Emerging from a 10-week escape into the world of autism software engineering, I’ve been thinking about “however.” In a comment on my last post, Can You Spot the Sentence Fragment, I cited “however” as a word that introduces full sentences:
…something can contain a subject and predicate and still not be a complete sentence if it begins with certain function words. “Which” (and various which-phrases) is one example (see http://www.quickanddirtytips.com/education/grammar/can-you-start-a-sentence-with-“which).
So is “though” (http://english.stackexchange.com/questions/120981/using-though-at-the-beginning-of-the-following-sentence)–unlike “however”.
“However, he won” is a full sentence; “Though he won.” is not. And punctuating “Though, he won” like “However, he won” only makes things awkward. (As I argue earlier, modifiers of sentence fragments don’t lend themselves to commas).

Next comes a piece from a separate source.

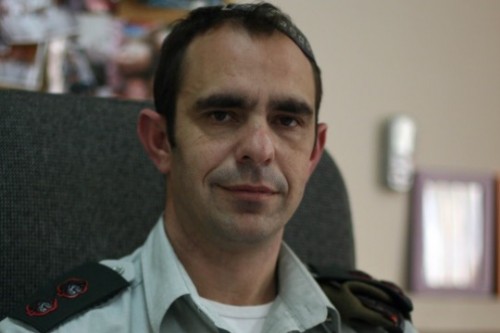 סא"ל מוריס הירש, התובע הצבאי הראשי בגדה (צילום: דובר צה"ל)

“However,” however, is actually ambiguous–as we see when we strip it of its comma:
However, he won.
However he won.
Re-read the second sentence, and you’ll see another meaning emerging: an incomplete proposition that could be completed, for example, as follows:
However he won, he did win.
This “however” belongs to a whole family of words ending in “ever,” none of which introduces a complete sentence:
Whoever voted for him…
Whatever he did to win…
Whenever he tweets…
And adding a comma only makes things worse:
Whatever, he did to win.
“Whatever,” though, is also ambiguous. Sometimes, like “though” in the previous sentence, it can be offset from the rest of the sentence with a punctuation mark. In which case it does introduce a full sentence–rather than a fragment like the one you’re reading right now.
“Whatever,” you might be thinking at this point. “Language is a mess; we all have different ears for it.”